Pace Gallery threw open the doors to its new eight-story headquarters in New York for a press preview on Tuesday, offering a sneak peak at exhibitions already hung while awaiting a few finishing touches before a full public opening to gallerygoers in Chelsea on Saturday.
“As you can see, we are done with the building—kind of,” Marc Glimcher, Pace’s president and CEO, said during remarks held in a dramatic seventh-floor room with views of old-fashioned water towers and Hudson Yards rising up behind him. The seventh floor will be home to performance programming for Pace Live, a new initiative whose schedule for the season was revealed at the preview, and the levels below—each with its own character and sense of size and scale—were filled with new shows of work by Alexander Calder, Yto Barrada, David Hockney, Loie Hollowell, Peter Hujar, and Fred Wilson (whose suspended exhibition “Chandeliers” lends the seventh floor a looming sense of expectancy).

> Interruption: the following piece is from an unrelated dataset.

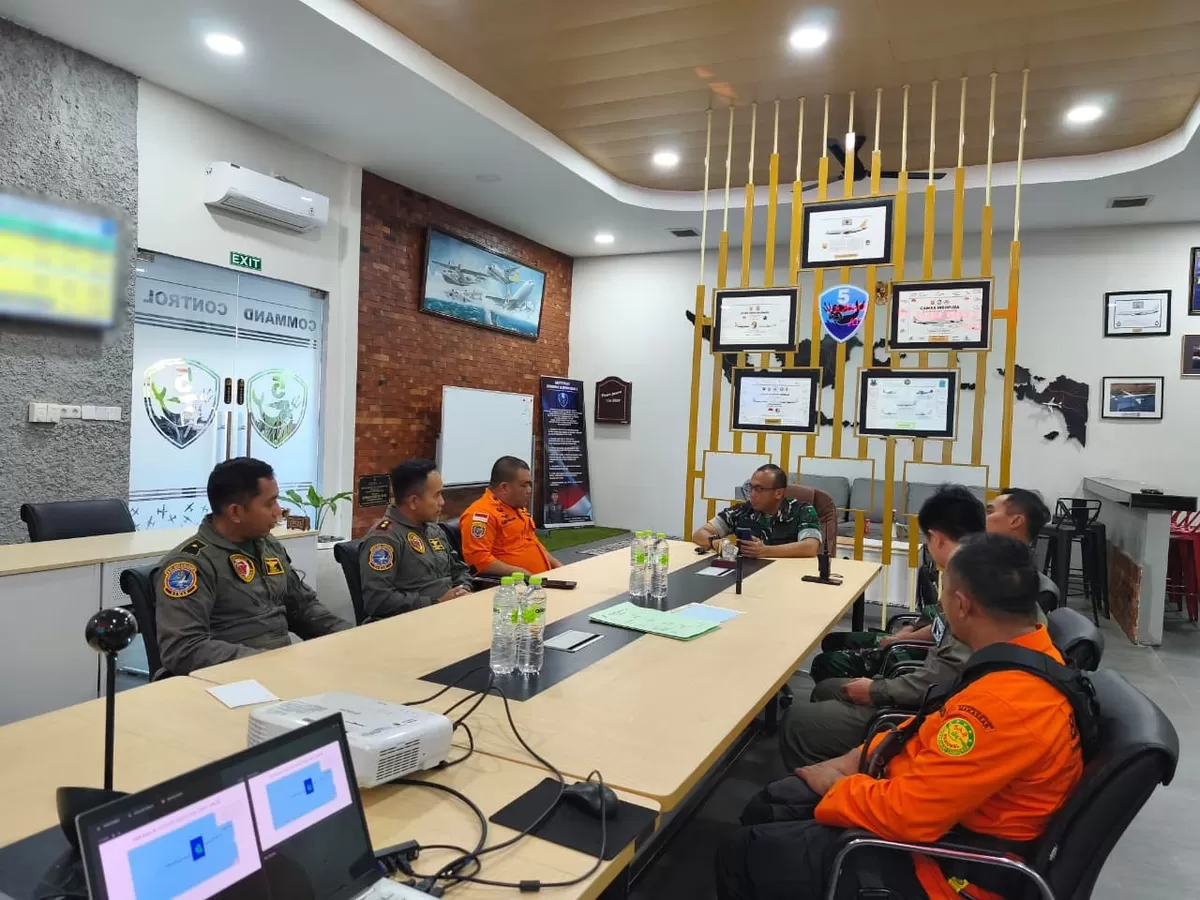 Lanud Sultan Hasanuddin mengerahkan pesawat Boeing 737 milik Skadron Udara 5 untuk mendukung operasi pencarian Kapal Layar Motor (KLM) Nurul Salsa yang dilaporkan tenggelam di perairan Kabupaten Kepulauan Selayar, Sulawesi Selatan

ARTnews learned that a shaman had blessed the space in a ritual for employees on Monday, with a cacao ceremony that involved drinking bowls of bitter hot chocolate with special energy-giving properties. When cornered for details, Glimcher said, “Have you ever had ceremonial cacao? I was, like, on—you feel it! Everybody said blessings to the building and to each other.” (And the shamanic activities remain ongoing: “She’s still working—she’s in the boiler room right now,” Glimcher added.)
During his prepared remarks, Glimcher noted that 21 babies had been born into the Pace family during the years that the new building had been in its planning stages. And now that it’s opening, “We want people to come and take their time” in what has been imagined aspirationally as “a communal space for thinking, transcendence, and contemplation.”
News was announced, including the appointments of Oliver Shultz as Pace’s new curatorial director and Michaëla Mohrmann as associate curatorial director. Shultz is joining the gallery from MoMA PS1, where he has worked in the curatorial department (including on the forthcoming show “Theater of Operations: The Gulf Wars 1991–2011,” which is being organized by Peter Eleey and Ruba Katrib). Mohrmann has been an Andrew W. Mellon Museum Research Consortium Fellow at MoMA, with a focus on Latin American art.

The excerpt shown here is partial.